Andy Seaborne wrote:
On 03/03/11 18:09, Paolo Castagna wrote:
Hi,
we have noticed a high CPU usage when a client send a SPARQL query
which returns a large result set and the client goes away when we
are streaming back the response.
I think I might have found the reason why the high CPU usage persist
even after the client went away.
We use ResultSetFormatter.outputAsXML(OutputStream outStream,
ResultSet qresults) which is then using IndentedWriter:
java.io.IOException.<init>(String)
simple.http.MonitoredOutputStream.ensureOpen()
simple.http.MonitoredOutputStream.write(byte[], int, int)
simple.http.ResponseStream.write(byte[], int, int)
java.io.PrintWriter.write(int)
org.openjena.atlas.io.IndentedWriter.write(char)
org.openjena.atlas.io.IndentedWriter.padInt()
org.openjena.atlas.io.IndentedWriter.lineStart()

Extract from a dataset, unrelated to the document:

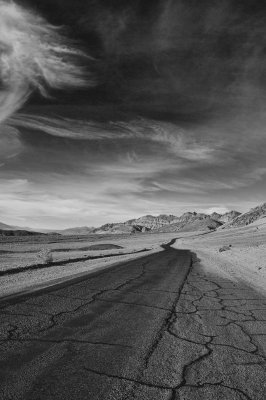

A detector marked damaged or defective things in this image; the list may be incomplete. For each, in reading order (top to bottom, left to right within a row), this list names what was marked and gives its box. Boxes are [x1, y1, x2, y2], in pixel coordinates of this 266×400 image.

cracked asphalt [0, 242, 266, 398]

org.openjena.atlas.io.IndentedWriter.printOneChar(char)
org.openjena.atlas.io.IndentedWriter.print(Object)
org.openjena.atlas.io.IndentedWriter.println(Object)
com.hp.hpl.jena.sparql.resultset.XMLOutputResultSet.printResource(Resource)
com.hp.hpl.jena.sparql.resultset.XMLOutputResultSet.printBindingValue(RDFNode)
com.hp.hpl.jena.sparql.resultset.XMLOutputResultSet.binding(String,
RDFNode)
com.hp.hpl.jena.sparql.resultset.ResultSetApply.apply()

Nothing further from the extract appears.